Once you’ve organised your essential documentation and are ready to make your offer, make sure that the purchase contract on the property has the condition that contract completion is subject to including a mortgage – you can’t get a firm mortgage offer in France without signing a contract on the property first.

The mortgage application process

After your offer is made and all parties are satisfied with it and the conditions, the formal French mortgage application process begins with the signing of the ‘Compromis de Vente’ – the sale agreement.

The Compromis de Vente is a contract that binds you to buy and the seller to sell and usually comes alongside a deposit payment which is around 10% of the buying price.

As mentioned before, the agreement offer will have included a mortgage as a condition.

After the contract is signed and sent to a lender, there is a six-day cooling period in which you can prepare for the next steps while you wait, such as making the actual mortgage application and filling in banking forms with your prepared documents at hand.

This cooldown period is also the point where you can withdraw from the process if needs be.

Once the cooldown period has ended, your application and documents should be sent off to the lender for their consideration.

Assuming you have complied with all the terms, try not to worry about the lender making a possibly negative decision. If the lender decides not to proceed, you can withdraw and have your deposit returned to you.

If the lender’s decision is positive, the process will proceed and the application will be forwarded to other parties, who may come back to you with additional questions or ask for more documents (such as life insurance) before the formal mortgage offer can be given.

When the formal mortgage offer finally arrives, there is one more cooling-off period – which should last between ten to eleven days. In this time, you can send the portion of the purchase price you still owe to the notary.

It should be noted that the formal mortgage offer is only valid for 30 days including the cooling-off period, giving you around 20 days to sign and send it back to the lender.

Then, when the notary has funds from both yourself and the lender/bank, a time for you, the lender and the seller to all sign and agree to the mortgage deed will be arranged.

After the deed is signed, the property is yours!

Don’t rush!

While the mortgage process is similar to that used in Britain and you may be excited to push your property purchase through, it’s important not to rush the process.

The key points are to make sure your documents are prepared and to keep a close eye on the fees and funds throughout.

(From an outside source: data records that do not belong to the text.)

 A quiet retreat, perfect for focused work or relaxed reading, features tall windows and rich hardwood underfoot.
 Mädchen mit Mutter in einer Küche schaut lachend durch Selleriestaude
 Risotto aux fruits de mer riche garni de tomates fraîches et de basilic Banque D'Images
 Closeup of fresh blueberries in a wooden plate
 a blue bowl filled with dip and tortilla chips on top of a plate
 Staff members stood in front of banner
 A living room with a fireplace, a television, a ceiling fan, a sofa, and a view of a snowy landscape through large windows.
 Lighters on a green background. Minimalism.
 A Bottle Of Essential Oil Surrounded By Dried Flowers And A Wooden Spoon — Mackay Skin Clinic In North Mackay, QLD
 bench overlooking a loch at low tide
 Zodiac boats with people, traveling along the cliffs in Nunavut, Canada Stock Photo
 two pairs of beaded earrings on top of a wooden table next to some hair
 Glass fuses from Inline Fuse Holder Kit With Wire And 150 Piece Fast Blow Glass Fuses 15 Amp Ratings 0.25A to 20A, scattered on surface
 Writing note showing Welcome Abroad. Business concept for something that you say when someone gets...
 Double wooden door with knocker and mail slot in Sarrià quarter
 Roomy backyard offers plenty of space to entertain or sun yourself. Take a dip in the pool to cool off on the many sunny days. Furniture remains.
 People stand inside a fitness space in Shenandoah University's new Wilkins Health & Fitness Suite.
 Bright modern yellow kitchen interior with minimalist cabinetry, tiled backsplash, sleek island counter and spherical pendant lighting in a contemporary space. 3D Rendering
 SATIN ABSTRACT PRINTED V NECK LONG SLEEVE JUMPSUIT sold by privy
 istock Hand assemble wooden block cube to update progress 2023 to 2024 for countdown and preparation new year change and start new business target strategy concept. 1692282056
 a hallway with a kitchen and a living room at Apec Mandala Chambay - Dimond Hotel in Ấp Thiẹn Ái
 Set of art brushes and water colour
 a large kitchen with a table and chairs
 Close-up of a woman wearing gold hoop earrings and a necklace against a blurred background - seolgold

There are points early in the process where it’s a good idea to negotiate certain fees with your lender. For example, ‘early redemption fees’ could be around 3% of the purchase price and are more likely to be involved in fixed rate mortgages, but these can be negotiated.

While the whole mortgage process can begin and finish within 60 days, this time period doesn’t include all the research, preparation and shopping around you’ll have to do – so don’t worry if you take a while. Focus on finding a mortgage plan that suits you best, and good luck!